To understand the nature and goals of our project, it is necessary to describe the current clinical issues relating to urinary catheter-care. First, it is a problem of scale: At any one time, an estimated 900 million humans on the planet have a urinary catheter in-situ – it is the most widely used medical appliance on Earth. Second, there are many different catheter-associated problems encountered in clinical practice, and third, they can cause considerable morbidity.

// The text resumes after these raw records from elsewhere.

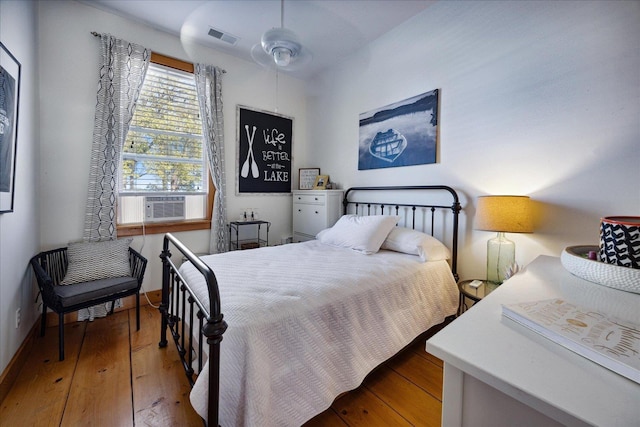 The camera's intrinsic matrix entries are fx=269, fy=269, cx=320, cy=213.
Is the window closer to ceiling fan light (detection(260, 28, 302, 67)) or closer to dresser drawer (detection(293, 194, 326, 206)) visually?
dresser drawer (detection(293, 194, 326, 206))

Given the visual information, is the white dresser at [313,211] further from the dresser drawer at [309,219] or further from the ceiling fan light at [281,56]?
the ceiling fan light at [281,56]

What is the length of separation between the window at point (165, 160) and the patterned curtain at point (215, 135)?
118mm

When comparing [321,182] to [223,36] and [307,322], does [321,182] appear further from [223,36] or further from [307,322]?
[307,322]

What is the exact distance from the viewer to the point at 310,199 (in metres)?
3.39

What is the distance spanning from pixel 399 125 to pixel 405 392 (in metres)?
2.24

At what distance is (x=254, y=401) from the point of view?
104 centimetres

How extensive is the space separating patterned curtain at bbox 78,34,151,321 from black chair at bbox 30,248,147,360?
280 millimetres

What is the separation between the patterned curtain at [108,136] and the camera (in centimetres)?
239

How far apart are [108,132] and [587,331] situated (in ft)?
10.7

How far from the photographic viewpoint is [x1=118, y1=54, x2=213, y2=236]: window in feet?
8.71

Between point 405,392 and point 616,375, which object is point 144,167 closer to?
point 405,392

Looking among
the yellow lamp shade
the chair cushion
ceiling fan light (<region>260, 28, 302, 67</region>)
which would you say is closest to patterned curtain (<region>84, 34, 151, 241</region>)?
the chair cushion

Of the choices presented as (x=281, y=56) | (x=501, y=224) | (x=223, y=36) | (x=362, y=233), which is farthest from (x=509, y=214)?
(x=223, y=36)

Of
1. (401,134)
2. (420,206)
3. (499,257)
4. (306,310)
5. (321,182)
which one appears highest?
(401,134) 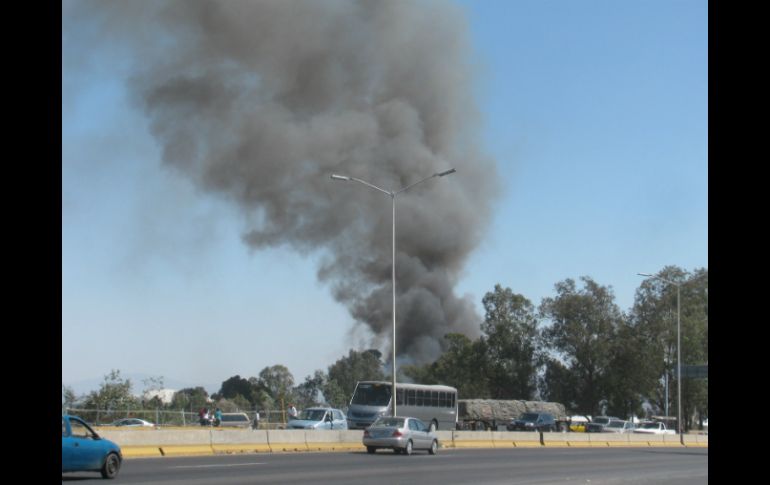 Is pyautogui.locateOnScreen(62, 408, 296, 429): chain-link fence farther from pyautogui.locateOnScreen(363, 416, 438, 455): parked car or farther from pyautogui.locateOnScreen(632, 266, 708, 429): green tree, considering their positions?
pyautogui.locateOnScreen(632, 266, 708, 429): green tree

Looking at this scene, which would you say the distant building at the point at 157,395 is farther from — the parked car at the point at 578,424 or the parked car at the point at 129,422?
the parked car at the point at 578,424

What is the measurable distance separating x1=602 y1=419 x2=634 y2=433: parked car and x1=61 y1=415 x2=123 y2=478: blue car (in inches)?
1692

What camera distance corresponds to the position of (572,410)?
76.6 metres

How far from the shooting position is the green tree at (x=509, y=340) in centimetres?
7412

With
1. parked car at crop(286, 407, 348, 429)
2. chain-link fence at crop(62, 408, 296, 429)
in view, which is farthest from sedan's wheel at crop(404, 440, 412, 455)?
chain-link fence at crop(62, 408, 296, 429)

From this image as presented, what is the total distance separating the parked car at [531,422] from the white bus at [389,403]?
6579 millimetres

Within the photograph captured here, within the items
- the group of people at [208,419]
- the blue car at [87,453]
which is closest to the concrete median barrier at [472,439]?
the group of people at [208,419]

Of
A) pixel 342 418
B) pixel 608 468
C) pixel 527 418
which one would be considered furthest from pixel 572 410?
pixel 608 468

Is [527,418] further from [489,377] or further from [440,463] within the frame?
[440,463]

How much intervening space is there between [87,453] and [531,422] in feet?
124

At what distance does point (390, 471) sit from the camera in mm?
20016

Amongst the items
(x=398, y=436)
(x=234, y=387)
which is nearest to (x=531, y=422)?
(x=398, y=436)

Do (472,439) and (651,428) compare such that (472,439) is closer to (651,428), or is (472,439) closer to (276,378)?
(651,428)

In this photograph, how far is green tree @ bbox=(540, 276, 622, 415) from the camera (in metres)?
74.6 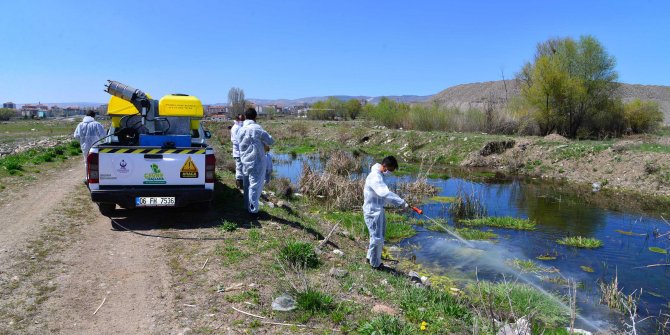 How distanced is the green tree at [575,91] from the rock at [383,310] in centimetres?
2909

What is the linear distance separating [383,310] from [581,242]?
21.8ft

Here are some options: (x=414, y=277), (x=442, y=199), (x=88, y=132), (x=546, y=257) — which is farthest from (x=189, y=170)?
(x=442, y=199)

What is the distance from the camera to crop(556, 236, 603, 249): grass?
987 centimetres

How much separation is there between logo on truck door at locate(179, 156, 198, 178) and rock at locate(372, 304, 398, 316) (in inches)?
167

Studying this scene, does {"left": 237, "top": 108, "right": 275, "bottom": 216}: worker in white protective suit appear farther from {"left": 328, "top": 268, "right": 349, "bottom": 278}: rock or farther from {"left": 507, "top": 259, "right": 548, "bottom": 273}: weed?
{"left": 507, "top": 259, "right": 548, "bottom": 273}: weed

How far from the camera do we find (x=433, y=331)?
4922 millimetres

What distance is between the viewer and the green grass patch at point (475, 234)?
1048 centimetres

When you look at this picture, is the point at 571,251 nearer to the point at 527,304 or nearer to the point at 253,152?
the point at 527,304

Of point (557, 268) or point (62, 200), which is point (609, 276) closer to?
point (557, 268)

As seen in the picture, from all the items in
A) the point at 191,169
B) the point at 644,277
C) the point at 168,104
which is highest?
the point at 168,104

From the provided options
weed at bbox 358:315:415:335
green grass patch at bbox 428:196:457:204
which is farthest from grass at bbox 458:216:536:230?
weed at bbox 358:315:415:335

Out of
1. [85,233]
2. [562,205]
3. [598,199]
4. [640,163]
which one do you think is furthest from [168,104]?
[640,163]

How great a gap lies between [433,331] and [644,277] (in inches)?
218

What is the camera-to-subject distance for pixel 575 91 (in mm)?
29797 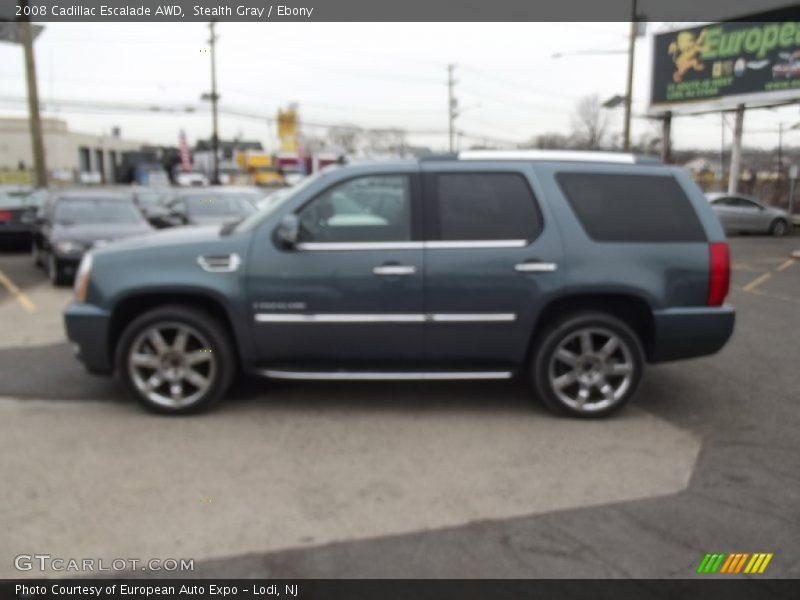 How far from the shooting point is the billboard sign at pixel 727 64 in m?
23.2

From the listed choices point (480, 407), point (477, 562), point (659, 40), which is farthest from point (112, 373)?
point (659, 40)

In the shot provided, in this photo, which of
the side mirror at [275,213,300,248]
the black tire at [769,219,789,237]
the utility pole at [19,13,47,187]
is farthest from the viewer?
the black tire at [769,219,789,237]

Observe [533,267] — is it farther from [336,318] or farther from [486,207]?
[336,318]

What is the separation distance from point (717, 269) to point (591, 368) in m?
1.12

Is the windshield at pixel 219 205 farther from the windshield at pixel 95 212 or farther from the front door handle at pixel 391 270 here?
the front door handle at pixel 391 270

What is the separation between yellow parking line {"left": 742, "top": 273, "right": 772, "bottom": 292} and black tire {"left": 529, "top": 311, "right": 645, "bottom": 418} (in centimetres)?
739

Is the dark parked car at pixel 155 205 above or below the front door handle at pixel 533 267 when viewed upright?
above

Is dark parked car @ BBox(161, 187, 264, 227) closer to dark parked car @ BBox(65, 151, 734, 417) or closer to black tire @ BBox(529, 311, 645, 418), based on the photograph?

The longer a catheter is in place, the greater are all problems. For example, one study of patients who had been catheterised for more than two-years, reported that more than three-quarters of those patients required some kind of professional intervention (or help), at-the-very least, at least once, over an eight-month period; for some patients, this amounted to more than ten call-outs in that eight month time-frame. Finally, there are complexities regarding catheter-associated-sepsis and antibiotic resistance. The first three problems will be described in brief, and the latter, will receive further deliberation as a distinct – albeit integrally related, catheter specific issue.